## DATA EXTRACT:
================
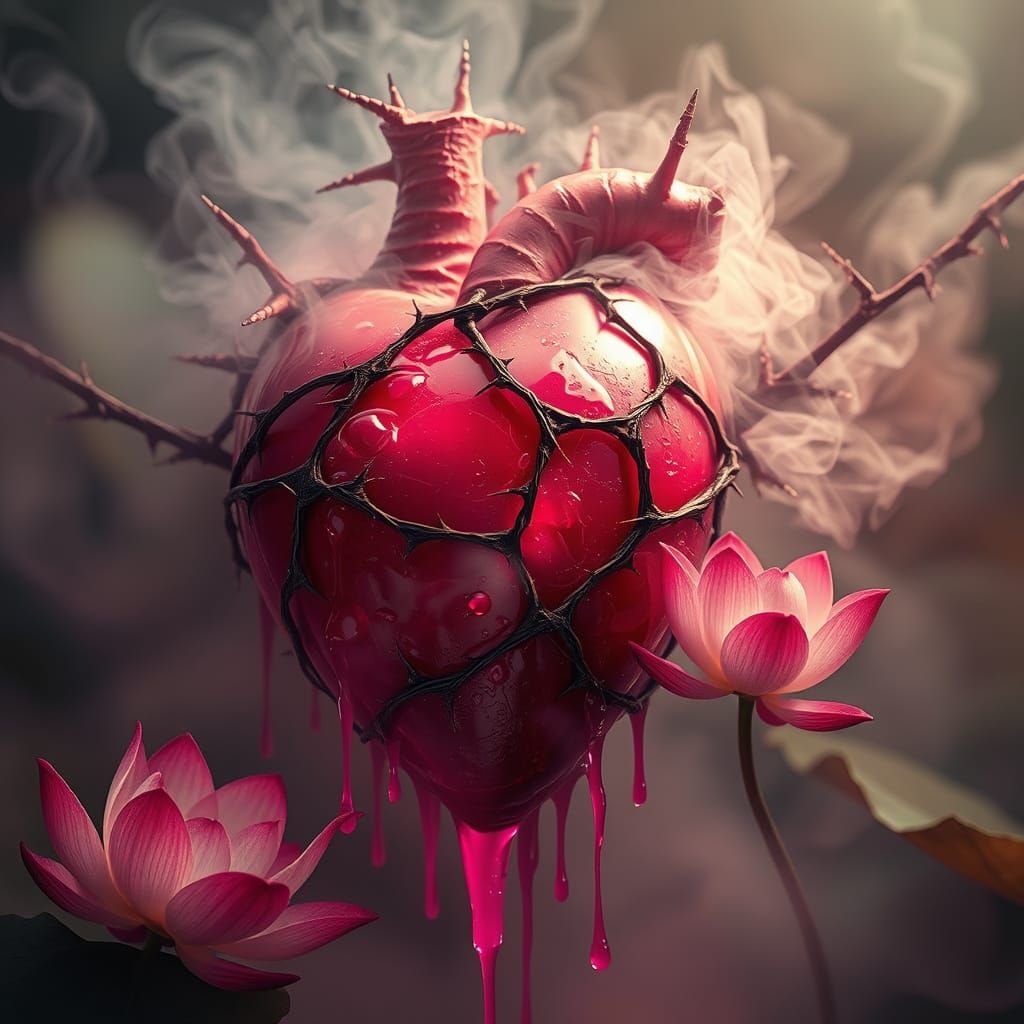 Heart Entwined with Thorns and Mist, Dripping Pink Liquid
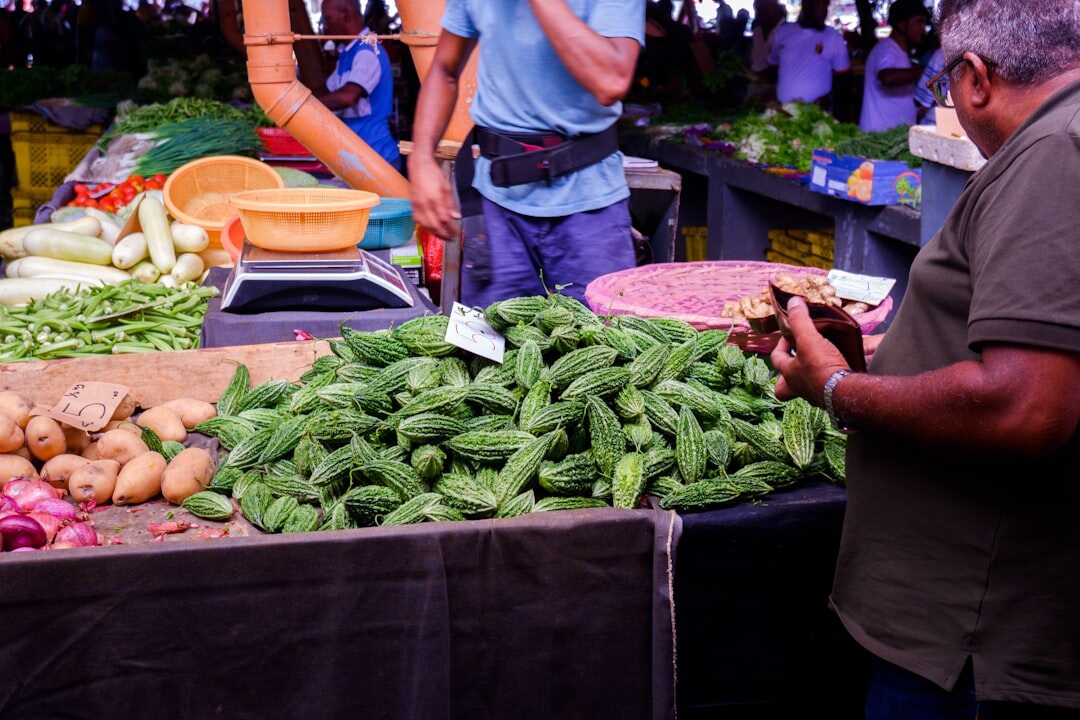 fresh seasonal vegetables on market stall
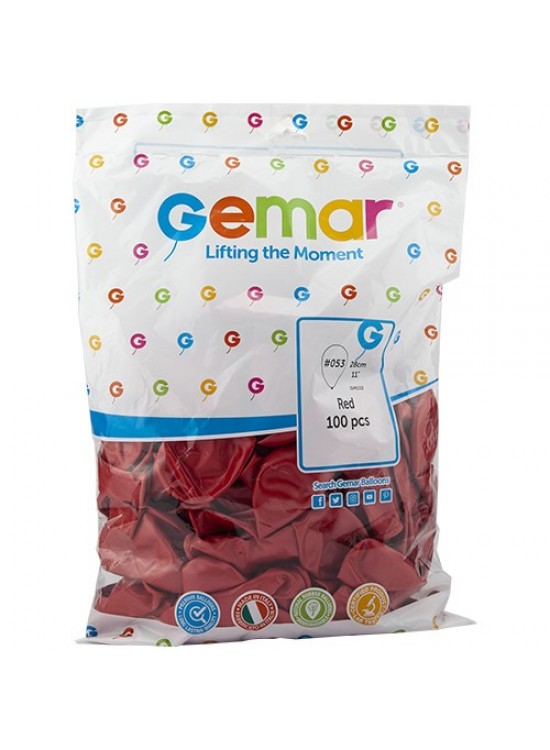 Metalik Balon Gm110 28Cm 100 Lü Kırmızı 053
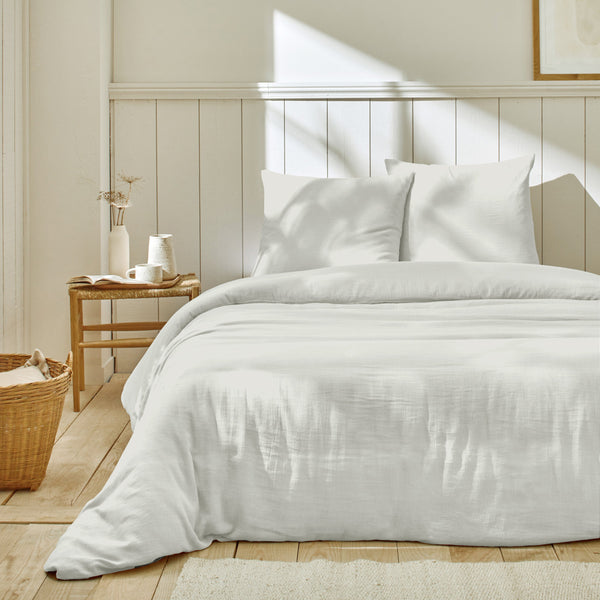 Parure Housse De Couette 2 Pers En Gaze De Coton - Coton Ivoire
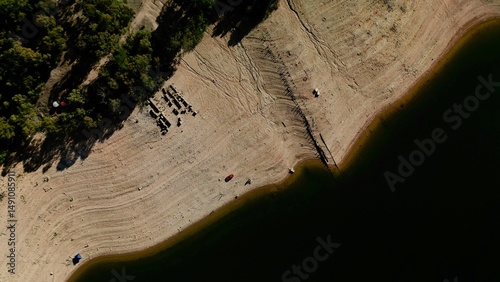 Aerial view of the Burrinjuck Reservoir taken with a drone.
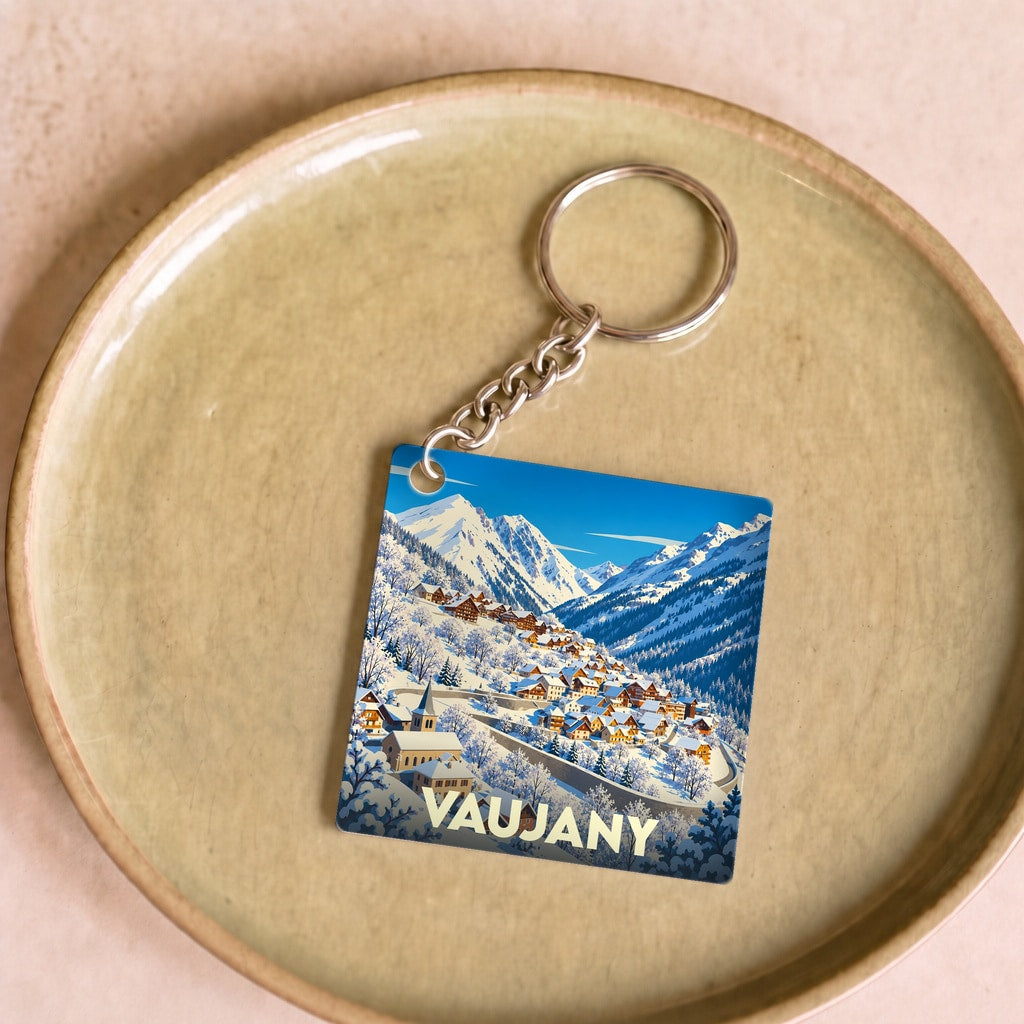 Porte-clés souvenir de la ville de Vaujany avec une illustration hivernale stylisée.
================
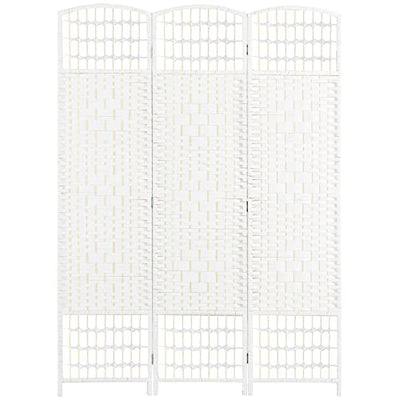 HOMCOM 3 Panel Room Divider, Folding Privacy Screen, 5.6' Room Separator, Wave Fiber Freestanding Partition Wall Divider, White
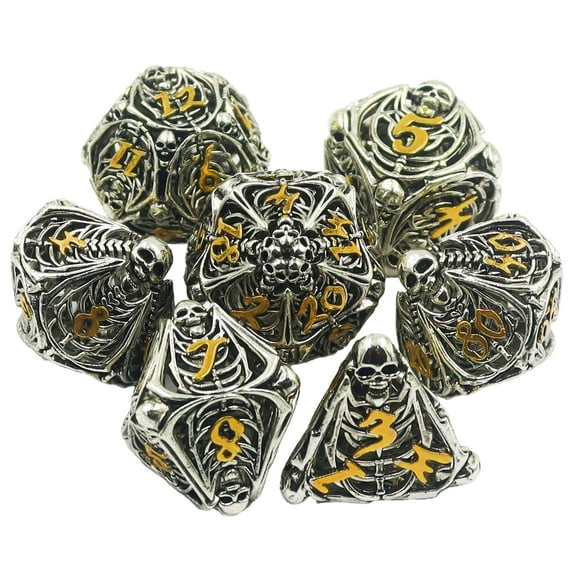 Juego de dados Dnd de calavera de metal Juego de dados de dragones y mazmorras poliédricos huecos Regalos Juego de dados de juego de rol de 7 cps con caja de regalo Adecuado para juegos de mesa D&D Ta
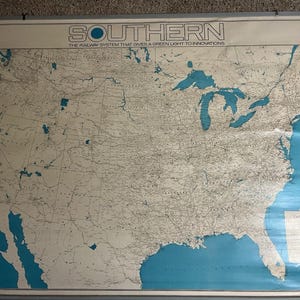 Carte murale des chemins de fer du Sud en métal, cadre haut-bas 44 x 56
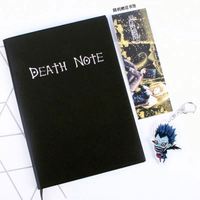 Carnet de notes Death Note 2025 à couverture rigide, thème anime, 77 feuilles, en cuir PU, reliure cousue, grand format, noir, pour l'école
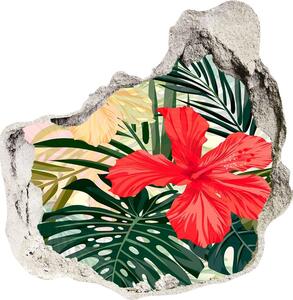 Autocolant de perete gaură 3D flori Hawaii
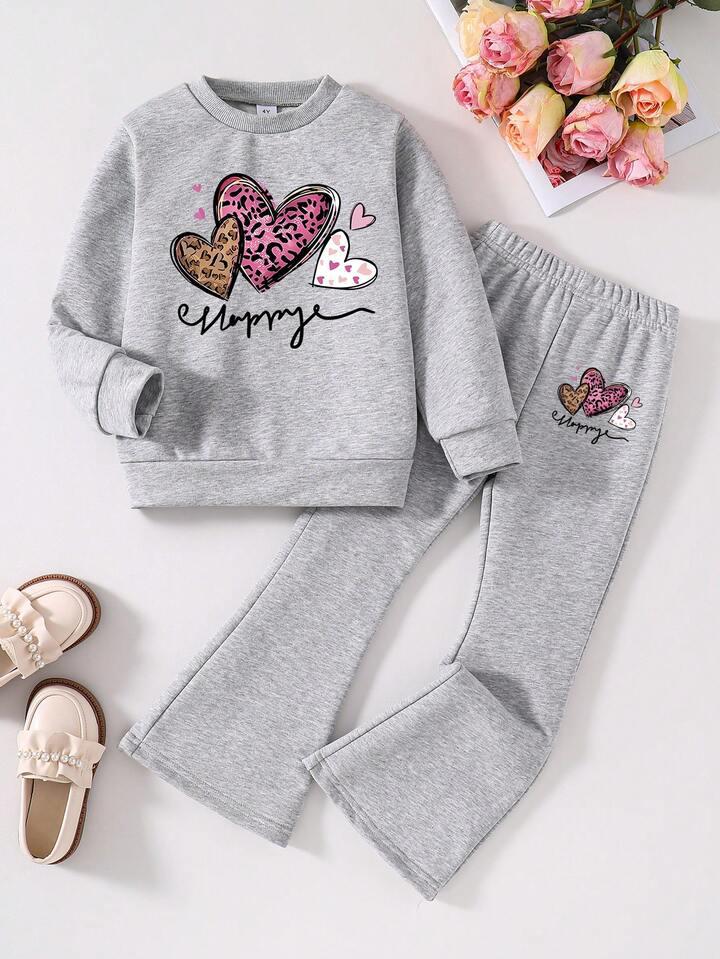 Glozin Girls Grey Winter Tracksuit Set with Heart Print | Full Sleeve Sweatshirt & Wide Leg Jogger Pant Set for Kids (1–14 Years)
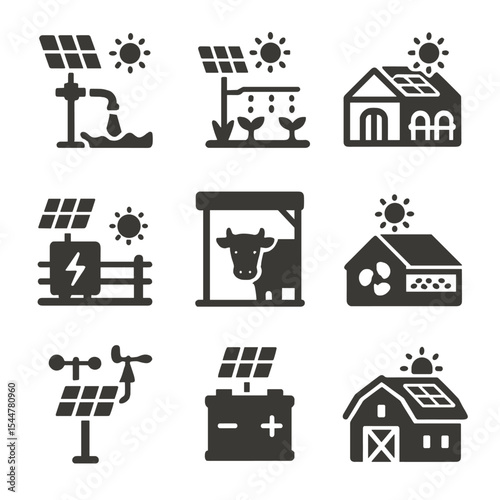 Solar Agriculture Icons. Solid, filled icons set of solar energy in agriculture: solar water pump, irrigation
================
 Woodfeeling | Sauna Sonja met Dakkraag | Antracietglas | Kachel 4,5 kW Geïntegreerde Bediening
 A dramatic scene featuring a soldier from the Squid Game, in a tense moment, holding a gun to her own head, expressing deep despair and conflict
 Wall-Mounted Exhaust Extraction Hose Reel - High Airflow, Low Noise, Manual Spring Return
================
## EXERCISE PROMPT:
Give again, exactly as written above, every line from the one holding "Heart Entwined with" to the one holding "Porte-clés souvenir de", with both ends kept and the pictures left out.

## TASK ANSWER:
 Heart Entwined with Thorns and Mist, Dripping Pink Liquid
 fresh seasonal vegetables on market stall
 Metalik Balon Gm110 28Cm 100 Lü Kırmızı 053
 Parure Housse De Couette 2 Pers En Gaze De Coton - Coton Ivoire
 Aerial view of the Burrinjuck Reservoir taken with a drone.
 Porte-clés souvenir de la ville de Vaujany avec une illustration hivernale stylisée.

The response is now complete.